Noting that there is no legal basis for people to not have access to their deposits in foreign currency and local currency accounts, she said: “There are currently different exchange rates in the country. One of them is the official rate determined by the Central Bank as 1,500, a rate determined by the banks (3,900) and a rate traded on the black market (9,300). Therefore, even deposits withdrawn from banks are subject to serious cuts due to different exchange rates.”  

Investigation of central bank governor

She said that Switzerland is investigating Salameh for transferring money abroad.

“It is not new that Salameh transferred money abroad. There are reports regarding important transfers abroad just before the Revolution started. As they knew the current situation, it was as if some kind of money abduction operation was carried out,” she said. “Currently, it is said that the Central Bank Governor Salameh transferred $400 million to banks abroad on behalf of himself and his relatives. This is a persecution to be held accountable.”

Pointing out that Salameh and other large depositors who make transfers in Lebanon can be protected by political groups, she said the judiciary must defend the rights of the depositors, otherwise the international judiciary might step in, like the Swiss investigation.

She noted that banks started to apply illegal cuts to customers during this period and reactions of the banks against the cuts applied to their customers without any justification have yielded results and the practices have come to an end.

Lebanese economist Mahasin Mursil said there is no mechanism controlling the activity in banks’ accounts in Lebanon thus the Swiss investigation into Salameh is a step toward the suspicion that Salameh, his brother, or his deputy, was involved in money laundering.

“We are waiting for the results of the judiciary,” said Mursil.

She said after Oct. 17, 2019, around $10 billion were transferred abroad by executives.

“Foreign currency deposits in Lebanon were $176 billion in Aug. 2019. The Central Bank Governor Salameh announced this figure as $126 billion in information he gave to the Finance Committee in the Parliament after the Oct.17, 2019 demonstrations, and in July 2020, it decreased to $114 billion, 900 million,” she said.

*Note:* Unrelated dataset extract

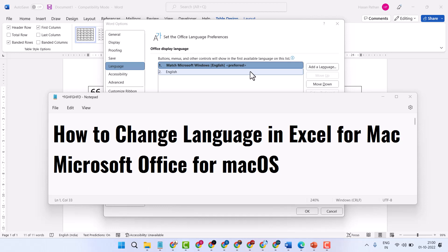Hello friends, in this video I will show how to change language in Excel for Mac Microsoft Office. Very simple and easy way.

Noting that withdrawing dollars from deposits has been completely suspended in Lebanon since Feb. 2020, she said:

“It has been a year since the restriction on foreign currency deposits of all Lebanese. The use of these deposits has been mishandled.”

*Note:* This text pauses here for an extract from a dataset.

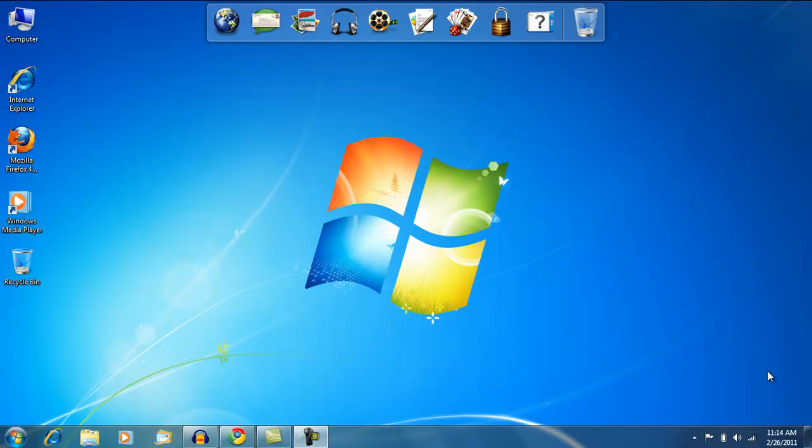Hey guys, today I'm going to be showing you how to make a video into a song file on Windows 7. This video is going to require a program called Audacity.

“Banks have made these deposits available to the Central Bank, and from this amount there are now $17 billion, 500 million left. Of course, if the official figures announced are true,” she said.

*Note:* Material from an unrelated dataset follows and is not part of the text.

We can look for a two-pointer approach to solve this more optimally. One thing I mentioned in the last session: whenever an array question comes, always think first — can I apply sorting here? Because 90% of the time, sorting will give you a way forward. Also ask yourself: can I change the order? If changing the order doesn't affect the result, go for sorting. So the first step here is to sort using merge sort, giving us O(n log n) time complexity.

Arguing that the banking sector cannot protect customers’ deposits, she said Lebanese have already demanded that accounts of the Central Bank be examined.  

Students abroad affected

Domenick Karkas, head of the International Lebanese Youth Association and a student abroad, said nearly 30,000 students currently abroad are suffering due to the economic crisis and restrictions imposed by banks on foreign exchange transfers.

Saying that families have had problems sending dollars to children studying abroad since Oct. 17, 2019, when protests against the economic crisis started, Karkas said Parliament passed a new law known as “student dollars” to prevent the education of students from being affected, but it was not implemented.  

Economic and political situation in Lebanon

The blast in the Port of Beirut in Aug. 2020 created a new government crisis along with growing economic troubles in Lebanon, which has long struggled with high public debt and unemployment.

Prime Minister Hassan Diyab’s government resigned Aug. 10, 2020, following the reactions after the explosion but a new government could not be established for months due to disagreements between political groups.

Considering the political forces and rulers as the cause of the economic crisis, the people of Lebanon demand the establishment of a diminished government consisting of technocrats, without sectarian political parties that have shared power for many years.